Thursday, January 3, 2013


I was cleaning out my desk yesterday and I found a pin of a little red wagon along with the thought below.  It seemed like a good message for the New Year!

Some days we skip along, pulling our wagons with great confidence-
So full of energy that the load seems light.
Some days the load seems heavy and we need someone to help us pull our wagons over the bumps in the road.
Some days we are just tired.
We sit in our wagons and let someone else pull us along for a while.
And some days it’s kind of nice to share our little red wagons with a friend.
As you think about yesterday, and make plays for tomorrow, keep in mind that there will be times when you can help pull someone’s little red wagon for a while.  After all, helping to pull each other’s little red wagons is what makes it possible to face the challenges the day brings.

Hint!  Kelly emailed that her school has a "Little Red Wagon Award" that gets passed around by the staff to recognize someone who has helped pull their load.

Learning to ask good questions is a powerful way to improve thinking in students of all ages and is another great tip for 2013.  If you focused on a different tip each week you'd be an expert in no time!

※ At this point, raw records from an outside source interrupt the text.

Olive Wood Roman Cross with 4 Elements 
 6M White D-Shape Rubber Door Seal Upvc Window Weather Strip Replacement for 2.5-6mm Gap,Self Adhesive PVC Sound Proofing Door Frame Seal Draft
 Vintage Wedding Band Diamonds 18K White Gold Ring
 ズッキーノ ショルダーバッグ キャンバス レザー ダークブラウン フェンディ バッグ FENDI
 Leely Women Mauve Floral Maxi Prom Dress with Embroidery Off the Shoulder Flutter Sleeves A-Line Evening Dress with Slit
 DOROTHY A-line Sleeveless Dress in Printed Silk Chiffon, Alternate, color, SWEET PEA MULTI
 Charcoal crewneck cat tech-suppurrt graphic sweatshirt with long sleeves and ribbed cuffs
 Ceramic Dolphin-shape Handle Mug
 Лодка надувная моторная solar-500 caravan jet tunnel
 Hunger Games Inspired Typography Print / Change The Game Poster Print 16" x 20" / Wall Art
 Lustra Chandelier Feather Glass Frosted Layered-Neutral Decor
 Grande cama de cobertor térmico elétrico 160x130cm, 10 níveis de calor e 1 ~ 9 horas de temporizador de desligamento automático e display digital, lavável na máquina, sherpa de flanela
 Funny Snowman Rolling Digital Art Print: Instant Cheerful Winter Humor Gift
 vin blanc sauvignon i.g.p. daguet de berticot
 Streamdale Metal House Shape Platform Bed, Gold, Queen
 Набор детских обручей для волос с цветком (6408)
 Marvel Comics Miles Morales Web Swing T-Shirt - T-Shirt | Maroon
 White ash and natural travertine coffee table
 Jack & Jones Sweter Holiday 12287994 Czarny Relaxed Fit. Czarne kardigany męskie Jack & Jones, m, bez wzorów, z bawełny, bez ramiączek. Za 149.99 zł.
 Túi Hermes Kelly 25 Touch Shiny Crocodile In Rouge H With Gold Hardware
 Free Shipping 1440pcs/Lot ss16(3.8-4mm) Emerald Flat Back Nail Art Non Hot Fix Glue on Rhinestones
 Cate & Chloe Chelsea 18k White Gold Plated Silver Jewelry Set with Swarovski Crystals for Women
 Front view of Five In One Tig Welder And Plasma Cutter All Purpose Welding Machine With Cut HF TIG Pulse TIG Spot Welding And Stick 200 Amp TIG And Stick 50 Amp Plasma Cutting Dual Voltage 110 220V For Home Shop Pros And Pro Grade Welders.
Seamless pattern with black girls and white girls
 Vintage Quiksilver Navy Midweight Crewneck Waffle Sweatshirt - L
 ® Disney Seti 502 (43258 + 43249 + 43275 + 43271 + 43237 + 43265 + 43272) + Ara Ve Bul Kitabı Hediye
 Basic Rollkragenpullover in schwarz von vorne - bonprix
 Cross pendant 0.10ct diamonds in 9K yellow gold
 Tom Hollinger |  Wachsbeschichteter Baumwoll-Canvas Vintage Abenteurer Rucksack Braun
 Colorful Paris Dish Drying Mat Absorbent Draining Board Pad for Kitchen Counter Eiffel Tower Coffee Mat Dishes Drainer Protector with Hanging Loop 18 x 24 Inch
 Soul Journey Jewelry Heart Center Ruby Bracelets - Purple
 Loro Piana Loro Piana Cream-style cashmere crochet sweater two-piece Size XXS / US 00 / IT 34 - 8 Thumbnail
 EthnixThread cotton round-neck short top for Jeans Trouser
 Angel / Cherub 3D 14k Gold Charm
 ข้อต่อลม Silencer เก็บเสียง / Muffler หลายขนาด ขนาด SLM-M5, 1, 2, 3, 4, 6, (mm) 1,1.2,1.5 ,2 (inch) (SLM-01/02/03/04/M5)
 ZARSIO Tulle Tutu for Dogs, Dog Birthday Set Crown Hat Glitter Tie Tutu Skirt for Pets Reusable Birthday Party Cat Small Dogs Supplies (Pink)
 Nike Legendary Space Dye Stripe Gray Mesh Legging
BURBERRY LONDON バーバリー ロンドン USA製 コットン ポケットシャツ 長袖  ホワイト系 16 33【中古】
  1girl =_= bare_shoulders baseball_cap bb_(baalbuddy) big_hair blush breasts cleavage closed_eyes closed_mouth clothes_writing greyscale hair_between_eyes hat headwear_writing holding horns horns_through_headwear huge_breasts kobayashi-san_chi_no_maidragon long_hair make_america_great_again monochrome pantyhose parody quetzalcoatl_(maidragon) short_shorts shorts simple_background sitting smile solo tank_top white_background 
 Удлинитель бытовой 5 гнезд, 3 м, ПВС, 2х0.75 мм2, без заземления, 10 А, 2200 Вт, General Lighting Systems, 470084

How did you know that?  Encourage children to “think out loud.”  This will help peers develop higher thinking skills.        

Open-ended – Ask open-ended questions, rather than “yes” or “no.”
Avoid judging answers by repeating their response.  “Good thinking!”  “That’s close.”  “I never thought about that before.”  “Kiss your brain!”

Give Time  (Smile! J) – Help children think about what they want to say and provide for individual differences by asking children to smile if they know the answer. 

1-2-3 Tell – Ask a question and then slowly count, “1, 2, 3.”  When you say, “Tell,” the children all say the answer.

Thumbs Up Thinking – Tell children to stick up their thumb next to their chest if they have learned something.  Stick up fingers for each additional thing you’ve learned.

Whisper & Release – Children whisper the answer in their fists.  When the teacher says, “Release,” the students open their fists.

Sign Language (Yes/No) – Teach children the signs for “yes” (wiggle fist in the air) and “no” (touch index and middle finger to thumb like a mouth closing).  You can also cut an envelope in half and write “Yes” on the front and “No” on the back.
How Much Do You Know?  - Children hold up on their fingers from 1-5 to indicate how much they know about a particular topic.

Think Partners – Divide children up into pairs and let them discuss answers.
Children can also review information by “teaching” a friend what they have learned.

Phone a Friend – If children don’t know the answer, allow them to phone a friend (place hand by mouth and ear like a phone) for help.
*They could also “ask the audience” for help with a question.

Written Response – Ask children to write the answer to a question.

Illustrated Response – Have children draw the answer to a question.

Pick Sticks – Ask each child to write his/her name on a large craft stick.  Color one end green and one end red.  Place the red end in the bottom of a can.  Ask a question, and then choose a stick.  That child gets to answer the question.  Return their stick to the can with the red end up.

Choral Response – Children answer in unison.

Student Created Questions – Let students generate their own questions for a review.